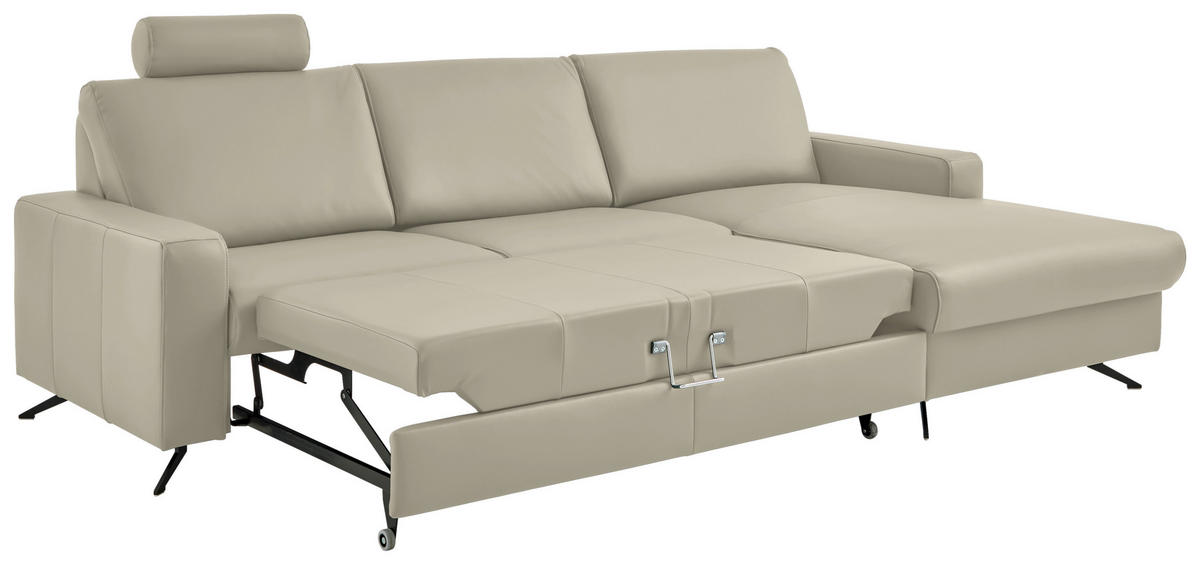 ECKSOFA in Echtleder Ecru  - Ecru/Schwarz, Design, Leder/Metall (267/165cm) - Beldomo Premium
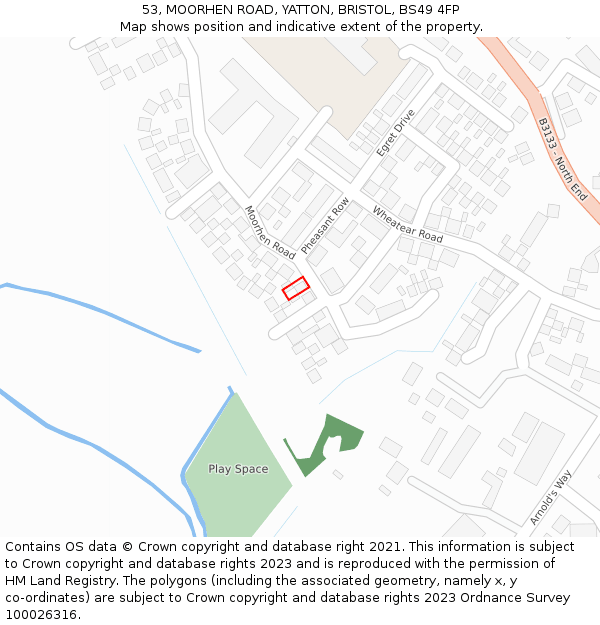 53, MOORHEN ROAD, YATTON, BRISTOL, BS49 4FP: Location map and indicative extent of plot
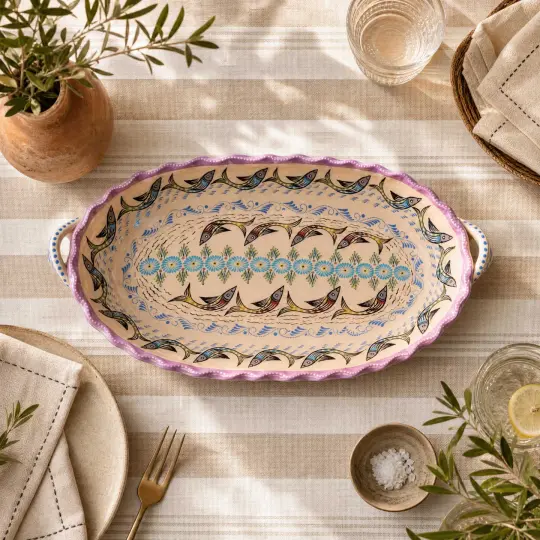 Peces de Capula Scalloped Rim Elongated Oval Tray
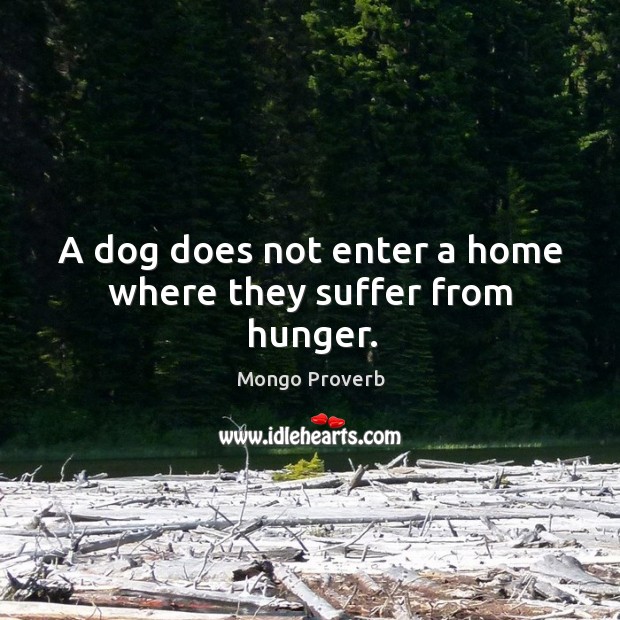 A dog does not enter a home where they suffer from hunger. Mongo Proverbs Image
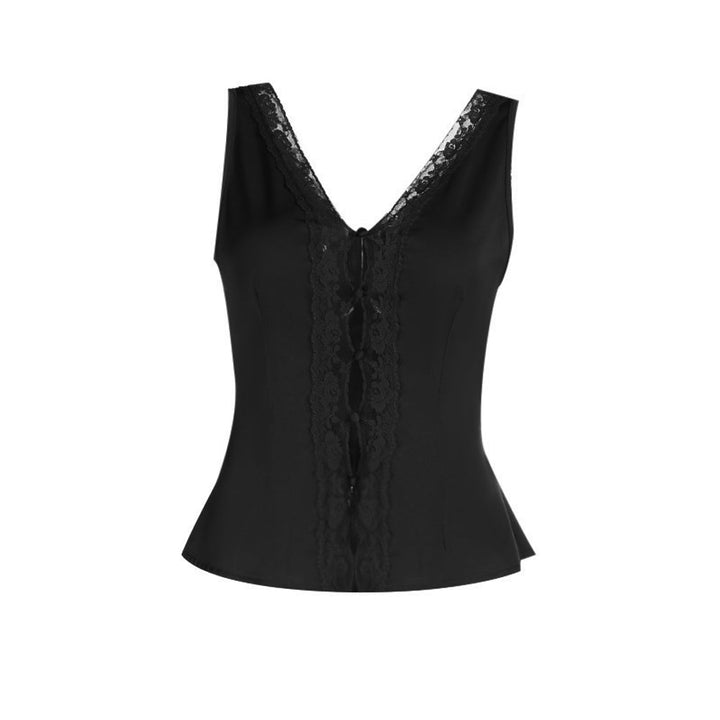 Lace hem v neck self tie hollow out satin top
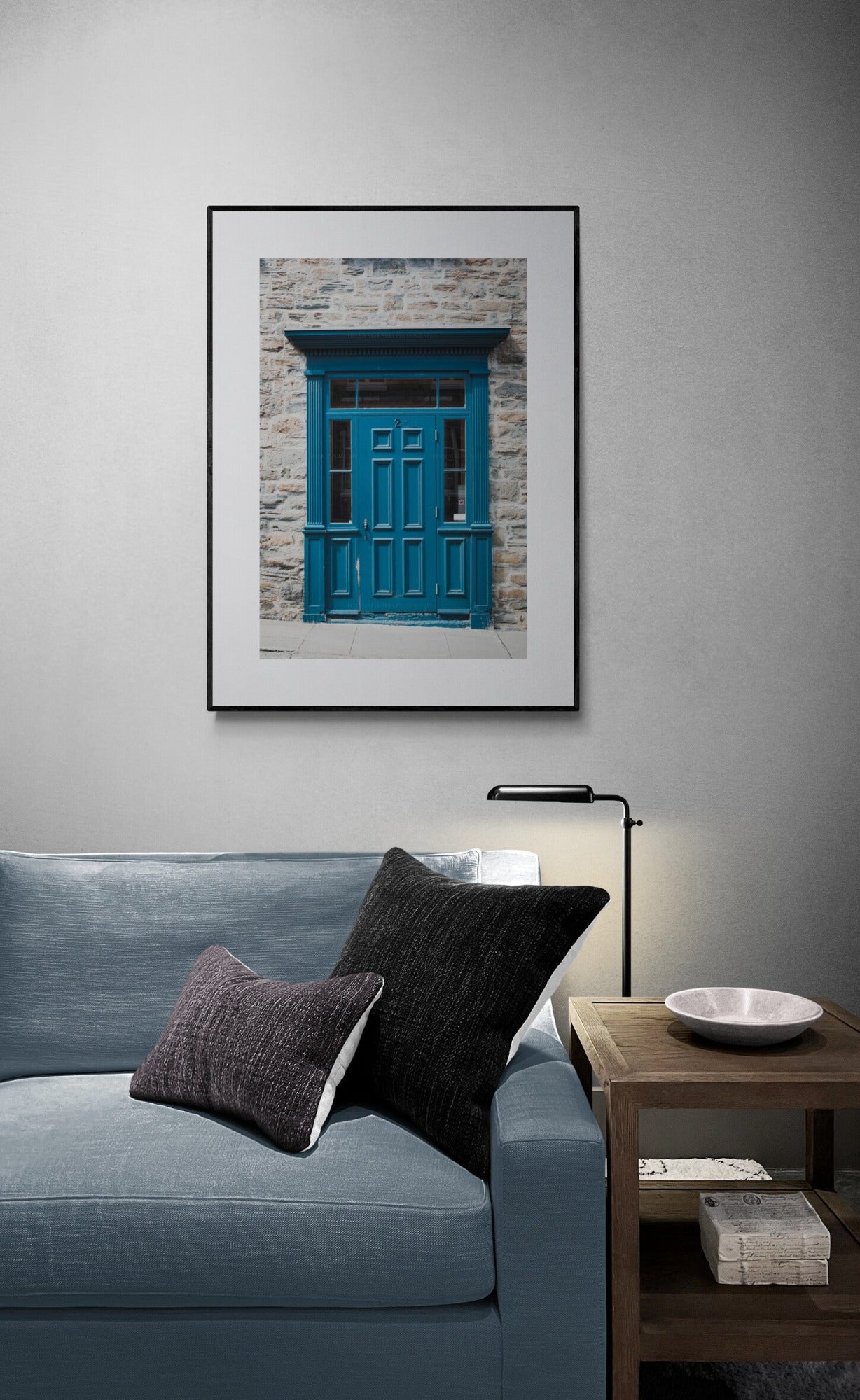 Blue Wood door of old quebec city photograph print in a living room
——
• _Problem description_:
The data needs to be reproduced exactly, please, apart from its pictures.

• _Response below_:
 ECKSOFA in Echtleder Ecru  - Ecru/Schwarz, Design, Leder/Metall (267/165cm) - Beldomo Premium
 53, MOORHEN ROAD, YATTON, BRISTOL, BS49 4FP: Location map and indicative extent of plot
 Peces de Capula Scalloped Rim Elongated Oval Tray
 A dog does not enter a home where they suffer from hunger. Mongo Proverbs Image
 Lace hem v neck self tie hollow out satin top
 Blue Wood door of old quebec city photograph print in a living room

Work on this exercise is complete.